En fait, le psychologue du film explique bien que ce n’est pas Norman lui-même qui est responsable mais bien la mère de Norman. Les événements dramatiques de Psycho sont donc entièrement dus à deux femmes: Marion et madame Bates. Etrangement, la relation d’Hitchcock avec sa propre femme est à l’inverse de la tendance dans ces films et l’opinion d’Alma Reville était toujours de première importance pour le réalisateur. Atom Egoyan s’inspira sans doute de Psycho dans la réalisation de Felicia’s Journey (1999), drame psychologique aux allures hitchcockiennes. Joseph Ambrose Hilditch, comme Norman Bates, est un tueur en série hanté par le souvenir de sa mère défunte et qui souffre de tendances voyeuristes criminelles.
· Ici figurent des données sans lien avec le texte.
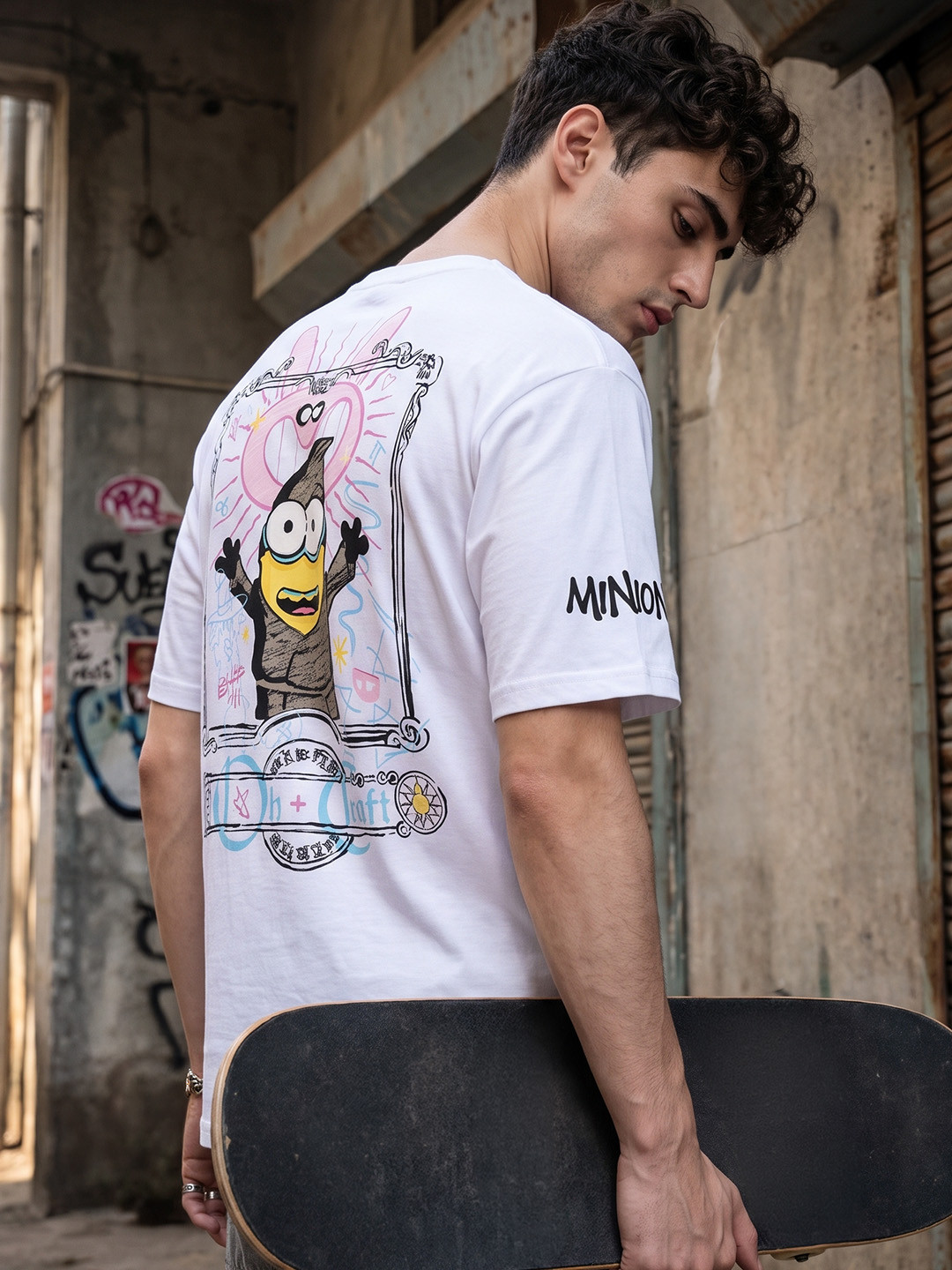 Minions by Kook N Keech Men Minions Printed T-shirt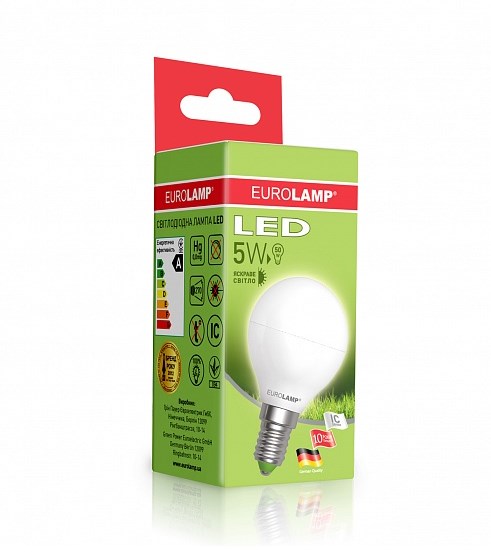 Лампа Eurolamp Led Еко G45 5W E14 4000K (Led-G45-05144(D) ціна 0.00 грн - фотографія 2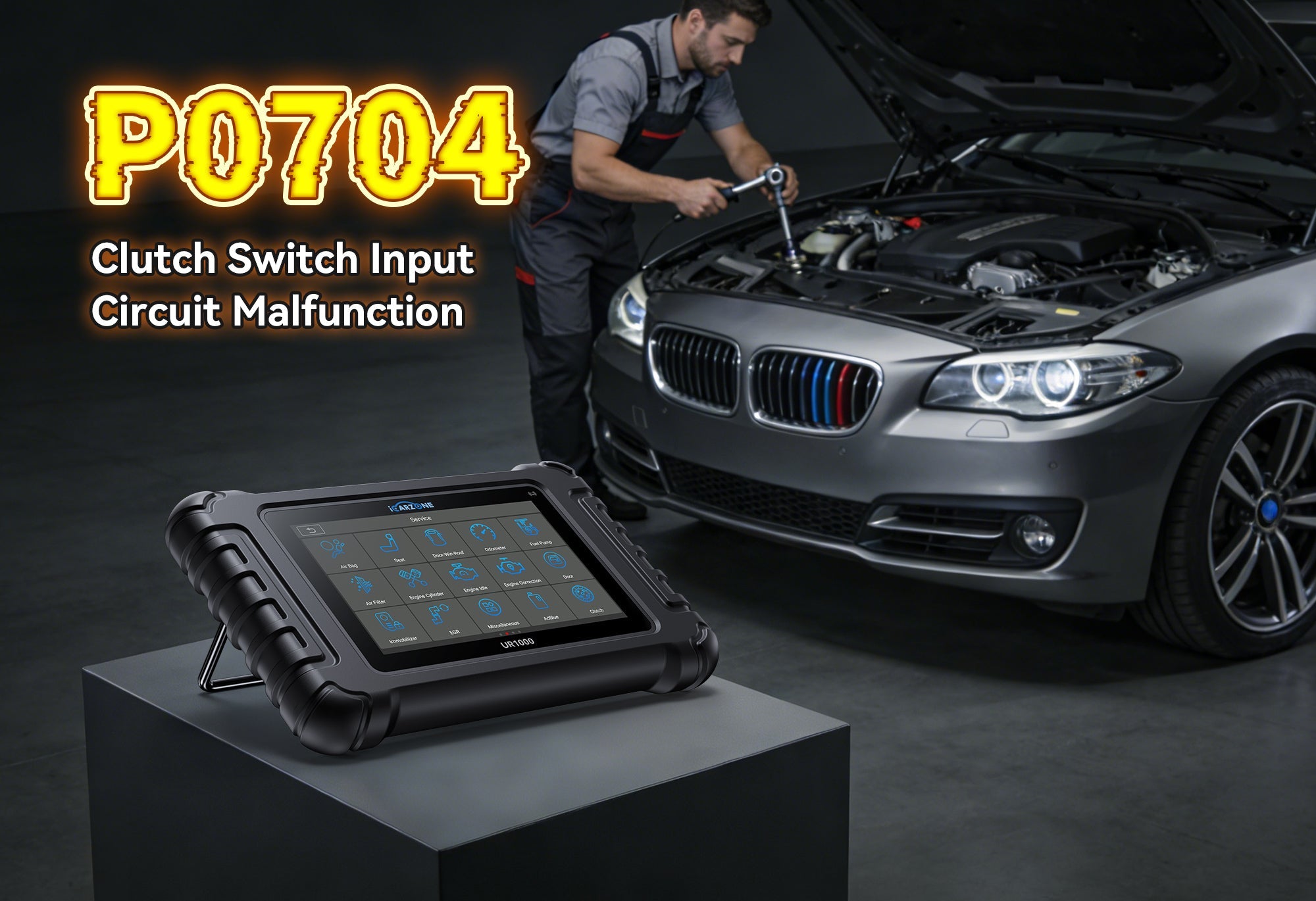 P0704 Code: Fix Clutch Switch Input Circuit Intermittent with ICARZONE UR1000 Diagnostic Tool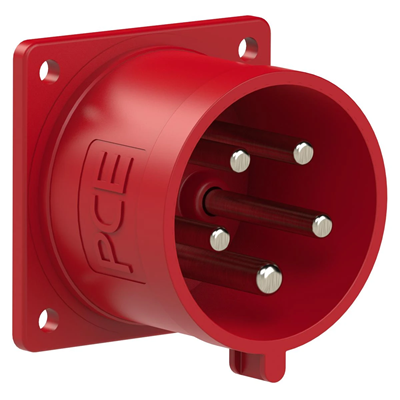 Enchufe receptor - interruptores de fase 32A 400V 3P+Z+N IP44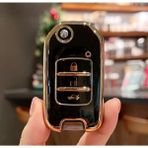 EC Shop Şenyıldız Aksesuar Honda Fc5 Civic H-Rv C-Rv Sustalı Anahtar Koruma Kılıfı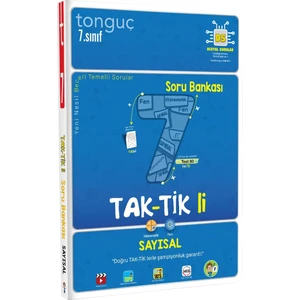 Tonguç Akademi 7. Sınıf Taktikli Sayısal Soru Bankası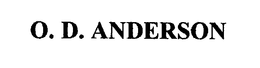 O. D. ANDERSON trademark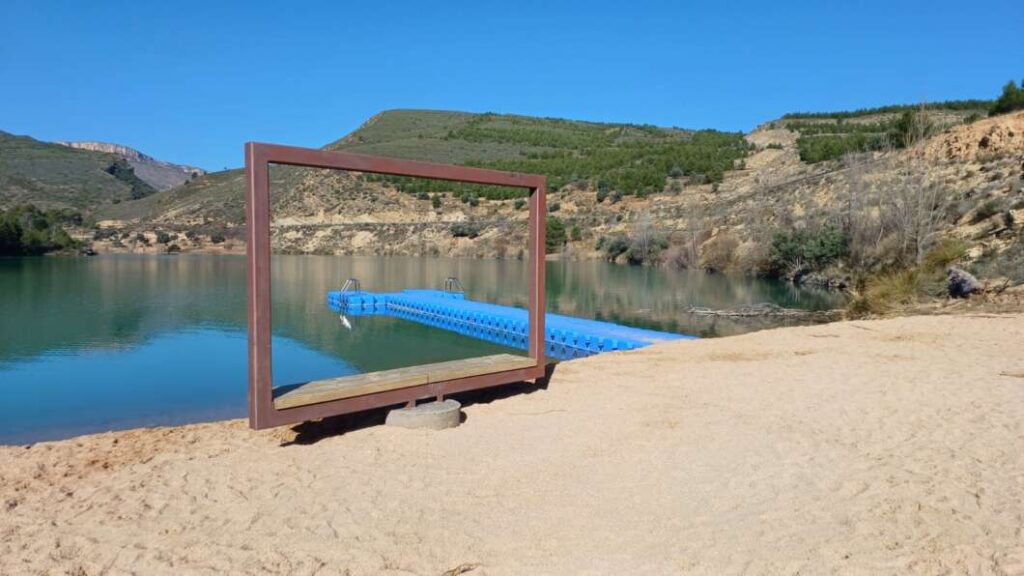 El Maestrazgo inaugura la nueva ‘Playa de Santolea’ para impulsar el turismo sostenible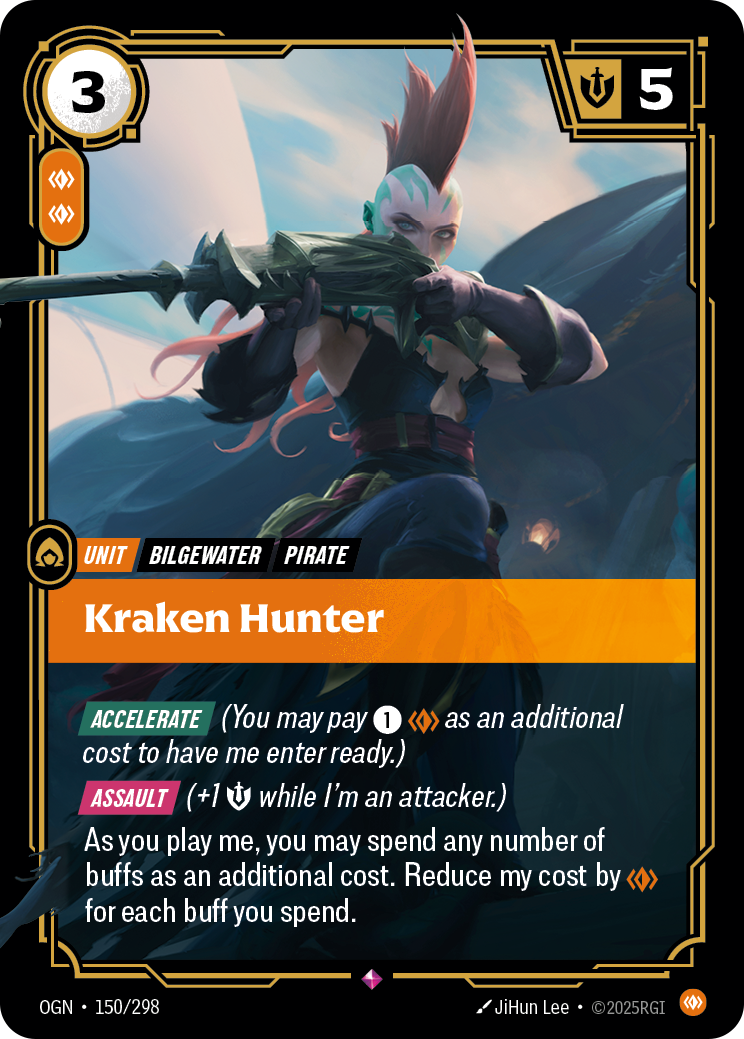 Chasseuse de Krakens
La question du suspense versus la surprise en est une que François Truffaut n’a pas hésité à aborder dans ses entretiens avec Hitchcock. Il s’agit de la question primordiale à laquelle tout réalisateur de films de suspense se voit confronté. Psycho est l’aboutissement de plusieurs décennies d’expériences de la part de son réalisateur et la dose de suspense et de surprise est à point. Le suspense est créé dès le moment où Marion quitte Phoenix et est aperçue par son employeur dans la rue. Le suspense augmente de scène à scène avec la rencontre d’un policier, une phobie personnelle d’Hitchcock, et du vendeur d’automobile. C’est justement au moment le plus calme et sécurisant, Marion seule dans la douche, que la plus grande surprise intervient. Les 40,000 dollars que Marion a piqués ne sont en fait qu’une fausse piste, un MacGuffin comme seul Hitchcock sait les introduire.

Le suspense revient donc à l’attaque suivant la recherche des autres personnages pour Marion et le punch final du film est parmi les plus grandes surprises de l’histoire du cinéma : Rosebud est une luge, Vader est le père de Luke et madame Bates et Norman ne font qu’un !
Le thème hitchcockien final dont témoigne Psycho est le voyeurisme. De par sa nature même, le visionnement d’un film est un acte de voyeurisme. En effet, nous sommes cachés dans la noirceur et regardons des individus à leur insu; le cinéma nous permet de témoigner des événements les plus étranges sans pour autant être directement impliqués. Mais les films d’Alfred Hitchcock vont plus loin en introduisant un voyeur diégétique. C’est le cas de James Stewart dans Rear Window, ce photographe confiné à un fauteuil roulant qui s’amuse à épier ses voisins à l’aide de ses téléobjectifs. Le spectateur ne peut faire autrement que de partager ce plaisir de voyeur; c’est la magie du cinéma.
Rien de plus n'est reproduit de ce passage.